The listing below should be reproduced exactly, with the pictures omitted.

Given data
————
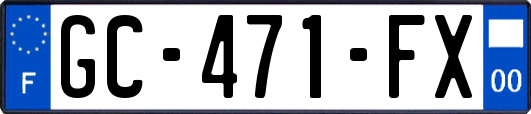 GC-471-FX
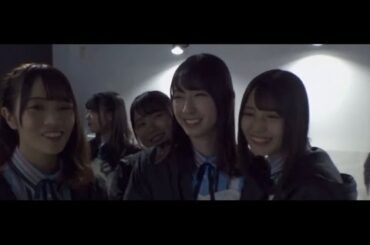 0距離であらわれた小坂菜緒ちゃん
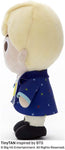 TinyTAN - BTS - Jin - Plushie (Takara Tomy)ㅤ - ActionFigure Brasil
————
Answer to the problem
 GC-471-FX
 0距離であらわれた小坂菜緒ちゃん
 TinyTAN - BTS - Jin - Plushie (Takara Tomy)ㅤ - ActionFigure Brasil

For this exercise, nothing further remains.